We have an average of 1.2 BCF per day of nat gas hedged for the remainder of 2025 at a weighted average fixed price of CAD 4.33 per MCF. This includes 57 million cubic feet per day hedged at a weighted average price of CAD 20.13 per MCF in international markets and 109 million cubic feet per day at a weighted average price of CAD 6.86 per MCF in the Western US markets. Q3 2025 AECO and Station 2 nat gas prices were the weakest in over 30 years, and as mentioned, that negatively impacted cash flow. However, prices are improving thus far in the fourth quarter, and the 2026 strip price outlook continues to migrate upwards. We are pleased to enter into that Dinsdale storage deal. We’ll have access to 6 BCF of storage capacity starting in April.

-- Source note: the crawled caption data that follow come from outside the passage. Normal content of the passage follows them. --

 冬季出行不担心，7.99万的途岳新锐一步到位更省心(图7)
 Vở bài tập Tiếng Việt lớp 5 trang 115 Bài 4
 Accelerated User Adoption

For a 10-year term with the ability to increase to 10 BCF in the event that AltaGas takes FID on phase two. We view the addition of another large storage position as a really strategic opportunity to enhance financial performance and provide operational flexibility with these very volatile prices. On the LNG front, we’ve entered into several new supply contracts as detailed in the release, and I won’t go through them, but they’re there for you to read. In aggregate, we’ll have an average of 213,000 MMBTU exposed to international pricing in 2026. That’ll grow to 250,000 by exit 2027 and 330,000 by exit 2028, so a very attractive progression.

Turning to the capital budget and the EP plan, as mentioned, spending in the quarter was CAD 825.5 million as we executed capital projects deferred from Q2, along with the original Q3 budgeted items, really to prepare for incremental production volumes in advance of higher anticipated winter gas prices, which are materializing. Our full-year EP spending remains unchanged for 2025 and 2026. The 2026 EP capital program is CAD 2.9 billion. That is unchanged from the release on July 29, 2025. Utilizing current strip pricing, our EP plan anticipates 2026 cash flow of approximately CAD 4 billion and free cash flow of approximately CAD 0.9 billion. The strip pricing includes a 2026 AECO basis of $1.66 per MCF, and we anticipate that basis tightening towards $1 US as the basin dynamics adjust for LNG Canada’s demand. For every $0.10 per MCF US that AECO basis tightens.

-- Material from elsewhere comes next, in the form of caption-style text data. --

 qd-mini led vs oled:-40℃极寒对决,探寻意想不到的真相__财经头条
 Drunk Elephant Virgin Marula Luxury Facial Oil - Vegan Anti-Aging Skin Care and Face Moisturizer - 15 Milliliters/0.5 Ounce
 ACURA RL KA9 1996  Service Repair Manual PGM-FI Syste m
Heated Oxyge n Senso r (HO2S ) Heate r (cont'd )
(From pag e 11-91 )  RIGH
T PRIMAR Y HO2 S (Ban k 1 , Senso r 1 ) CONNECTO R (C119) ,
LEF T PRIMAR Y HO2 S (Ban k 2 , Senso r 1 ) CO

Our 2026 cash flow and free cash flow would increase by approximately $50 million. Should natural gas prices weaken in 2026, we certainly have the option to reduce capital spending as appropriate to optimize free cash flow and our planned shareholder returns. Approximately $200 million-$250 million of currently planned capital spending could be deferred in such a low-price scenario, and that would really have only a minor impact on 2026 production guidance. On our cost reduction focus and margin improvement initiatives, the ongoing Northeast BC development project and infrastructure build-out will provide both significant growth and margin expansion by improving all of our operating metrics. Q3 2025 corporate OPEX of $4.80 per BOE was down $0.34 a BOE from the first half of this year, so approximately a 7% improvement.

Early components of the Northeast BC build-out have been completed, and that has initiated the cost reduction progression and is contributing to the reduction in OPEX in the third quarter. This process will really accelerate going forward. The Northeast BC development project is anticipated to systematically reduce combined corporate OPEX and transportation costs by at least CAD 1 per BOE as it is put in place over the next six years. We see the opportunity for meaningful progress on this target in 2026 and all subsequent years, and there is potential to increase the overall total long-term target moving forward. We have a comprehensive corporate focus on reducing all aspects of the cost equation, as well as our per well EP capital costs in 2026.

We’re targeting a 5% OPEX reduction in the Deep Basin next year and targeting a further 5% reduction in D&C costs over currently budgeted levels. These reductions are not captured in the multi-year EP plan yet because we’ll make sure we realize them first. We’ve always had a very strong cost structure, and we plan to make it even stronger going forward. We have elected to pursue the potential sale of our Peace River High Light Oil and Gas Complex, so the Charlie Lake Play, which we actually pioneered back in Duvernay Oil Corp days. If completed, this sale would further lower corporate OPEX and provide proceeds that could be reinvested into our higher margin BC growth assets or emerging EP opportunities that we’ve assembled in the Deep Basin.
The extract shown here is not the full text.